LAS VEGAS - They were considered two of the best boxers of their time, if not of all time, so when Sugar Ray Leonard and Thomas Hearns decided to meet to unify the welterweight championship, it was met with a lot of anticipation. Dubbed "The Showdown," the fight drew an estimated worldwide TV audience of 300 million.
Leonard, the WBC champion, entered the fight at 30-1, while Hearns was 32-0 and was the WBA champion. Leonard was seen as more of a tactical boxer, while Hearns had a reputation of more of a pure brawler.
Early in the fight, Leonard was having trouble with Hearns' reach advantage. By the end of the fifth round, there was considerable swelling under Leonard's eye, and he was well behind on all the scorecards. He started to come back a bit in rounds six and seven, switching roles and becoming the aggressive brawler to Hearns' tactical boxer.
The momentum switched back to Hearns' favor for rounds 9-12, as he increased his advantage. By the time the 12th round was over, everybody knew Leonard needed a knockout to win the title. Then, his trainer, Angelo Dundee, said the famous words caught on TV: "You're blowing it kid, you're blowing it."

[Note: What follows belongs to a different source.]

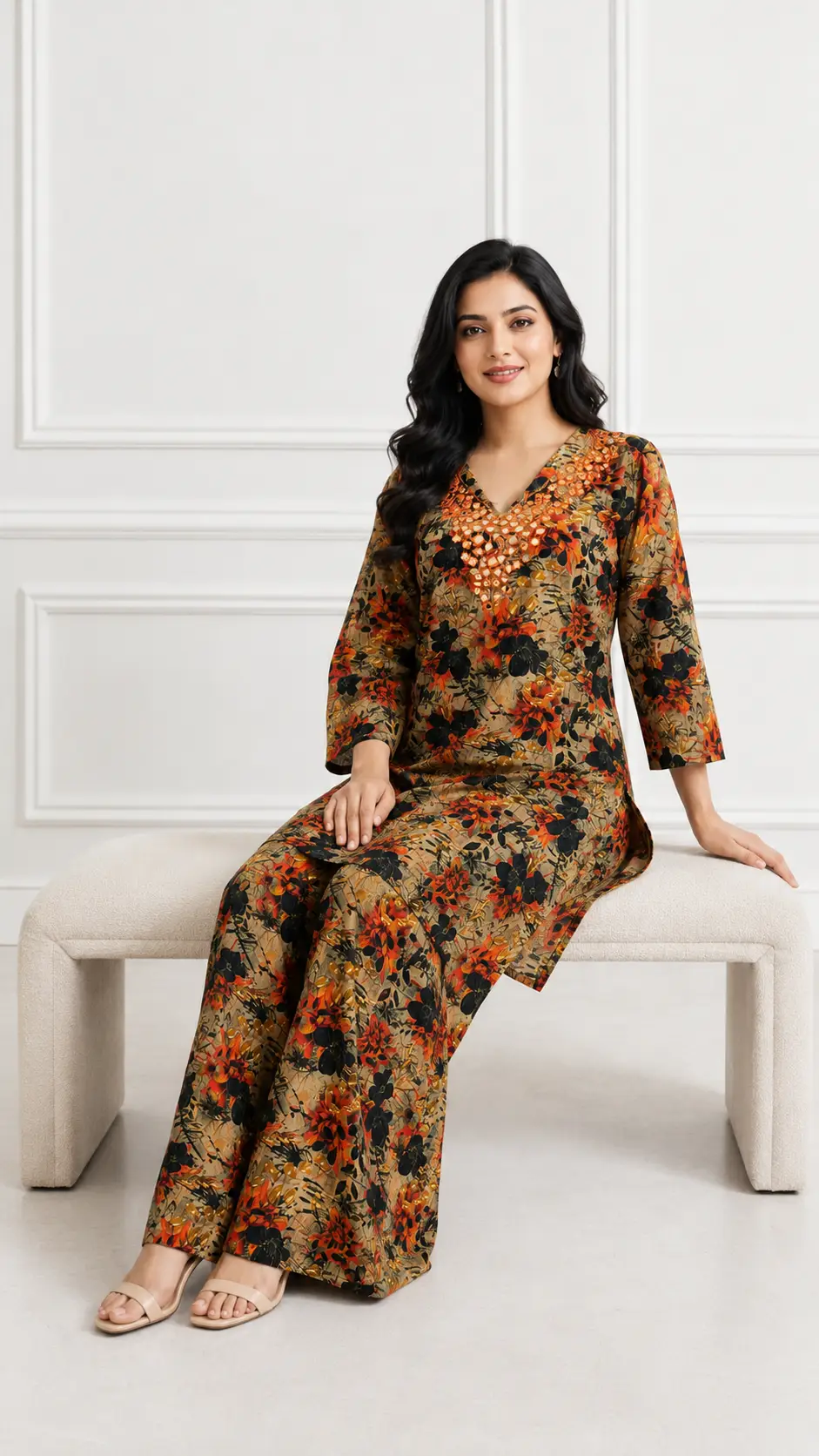2 Pcs Women's Stitched Khaddar Dress with Heavy Mirror Neck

Whether it was Dundee's words or just a realization of the situation, Leonard came out in the 13th round like a man possessed. He came right after Hearns, not giving his opponent a single opening. He knocked him down against the ropes once, then knocked him down again after Hearns recovered. The 14th round was more of the same, with Leonard pinning Hearns against the ropes and subjecting him to a barrage of punches until the referee stopped the fight, making Leonard the undisputed champion of the world. At the time the fight was stopped, Hearns was well ahead on all three scorecards. But he couldn't withstand Leonard's late-fight attack.
Leonard only fought seven more times after his win over Hearns, but those fights were spaced over a span of 10 years, as he eventually became the poster child for boxers that keep coming out of retirement. One of those fights was a rematch against Hearns, which was controversially ruled a draw despite the fact that most people thought Hearns had won. Hearns, however, kept fighting and fighting, eventually running his career record to 61-5-1 and becoming the only man to win world championships at five different weight classes.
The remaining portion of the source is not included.